__WORK REQUEST__
Starting with the line that contains "Inline Skater Weekend" and stopping after the line that contains "Skate Parks in", copy the entries below exactly. Include nothing else.

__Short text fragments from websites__
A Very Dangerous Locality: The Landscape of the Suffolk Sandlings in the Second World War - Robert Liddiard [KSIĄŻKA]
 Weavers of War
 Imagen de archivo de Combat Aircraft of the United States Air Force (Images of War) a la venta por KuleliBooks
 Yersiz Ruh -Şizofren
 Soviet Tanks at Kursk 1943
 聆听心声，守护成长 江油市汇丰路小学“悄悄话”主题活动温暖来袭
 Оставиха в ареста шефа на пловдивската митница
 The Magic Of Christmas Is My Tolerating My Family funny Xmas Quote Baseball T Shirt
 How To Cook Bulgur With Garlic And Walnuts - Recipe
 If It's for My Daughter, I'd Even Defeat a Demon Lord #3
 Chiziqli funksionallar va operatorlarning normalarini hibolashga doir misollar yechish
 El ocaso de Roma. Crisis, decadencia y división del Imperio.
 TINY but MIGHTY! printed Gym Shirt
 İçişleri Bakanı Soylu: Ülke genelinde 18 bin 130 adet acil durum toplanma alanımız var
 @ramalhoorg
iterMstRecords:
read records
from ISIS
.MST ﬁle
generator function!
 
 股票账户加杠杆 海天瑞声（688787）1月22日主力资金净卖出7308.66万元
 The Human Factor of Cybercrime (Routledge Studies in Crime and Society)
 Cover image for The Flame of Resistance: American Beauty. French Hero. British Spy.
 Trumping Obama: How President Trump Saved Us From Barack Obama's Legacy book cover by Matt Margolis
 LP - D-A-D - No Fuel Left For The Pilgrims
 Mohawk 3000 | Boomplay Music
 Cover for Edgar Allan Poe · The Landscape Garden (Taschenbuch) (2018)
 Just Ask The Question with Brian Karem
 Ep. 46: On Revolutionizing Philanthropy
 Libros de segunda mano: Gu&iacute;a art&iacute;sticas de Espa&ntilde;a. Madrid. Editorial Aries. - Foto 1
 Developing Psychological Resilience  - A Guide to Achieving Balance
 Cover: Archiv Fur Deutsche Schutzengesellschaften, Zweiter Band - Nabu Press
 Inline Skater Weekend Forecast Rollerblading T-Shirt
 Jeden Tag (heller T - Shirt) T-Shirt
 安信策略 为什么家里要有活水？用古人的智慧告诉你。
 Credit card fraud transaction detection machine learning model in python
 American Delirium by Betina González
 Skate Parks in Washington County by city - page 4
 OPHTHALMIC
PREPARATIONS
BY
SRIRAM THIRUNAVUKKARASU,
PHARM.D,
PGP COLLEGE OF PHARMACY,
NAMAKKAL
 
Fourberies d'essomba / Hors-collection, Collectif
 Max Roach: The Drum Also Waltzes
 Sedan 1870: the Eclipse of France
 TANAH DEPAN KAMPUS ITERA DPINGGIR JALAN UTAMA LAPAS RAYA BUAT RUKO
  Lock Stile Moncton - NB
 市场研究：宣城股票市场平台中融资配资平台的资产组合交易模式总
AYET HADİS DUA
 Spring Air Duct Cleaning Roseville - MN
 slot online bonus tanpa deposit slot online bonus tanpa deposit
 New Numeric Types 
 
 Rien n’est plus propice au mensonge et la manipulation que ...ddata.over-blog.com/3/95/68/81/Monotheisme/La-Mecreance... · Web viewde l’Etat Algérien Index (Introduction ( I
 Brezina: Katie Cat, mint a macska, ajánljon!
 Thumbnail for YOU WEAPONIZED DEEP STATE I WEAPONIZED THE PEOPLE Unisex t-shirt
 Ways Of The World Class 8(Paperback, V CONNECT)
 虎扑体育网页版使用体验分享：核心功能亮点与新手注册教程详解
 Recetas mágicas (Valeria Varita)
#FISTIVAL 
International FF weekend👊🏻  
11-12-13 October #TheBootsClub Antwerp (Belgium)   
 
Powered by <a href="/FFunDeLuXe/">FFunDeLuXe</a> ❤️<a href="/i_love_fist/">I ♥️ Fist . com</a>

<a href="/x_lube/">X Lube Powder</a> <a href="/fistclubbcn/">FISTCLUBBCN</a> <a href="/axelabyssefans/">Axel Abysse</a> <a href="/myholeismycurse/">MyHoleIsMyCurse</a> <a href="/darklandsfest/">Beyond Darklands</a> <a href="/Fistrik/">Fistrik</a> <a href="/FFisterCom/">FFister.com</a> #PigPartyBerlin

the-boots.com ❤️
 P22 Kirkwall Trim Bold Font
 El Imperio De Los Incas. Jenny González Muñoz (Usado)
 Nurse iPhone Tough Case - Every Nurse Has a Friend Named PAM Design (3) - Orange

__TASK RESULT__
 Inline Skater Weekend Forecast Rollerblading T-Shirt
 Jeden Tag (heller T - Shirt) T-Shirt
 安信策略 为什么家里要有活水？用古人的智慧告诉你。
 Credit card fraud transaction detection machine learning model in python
 American Delirium by Betina González
 Skate Parks in Washington County by city - page 4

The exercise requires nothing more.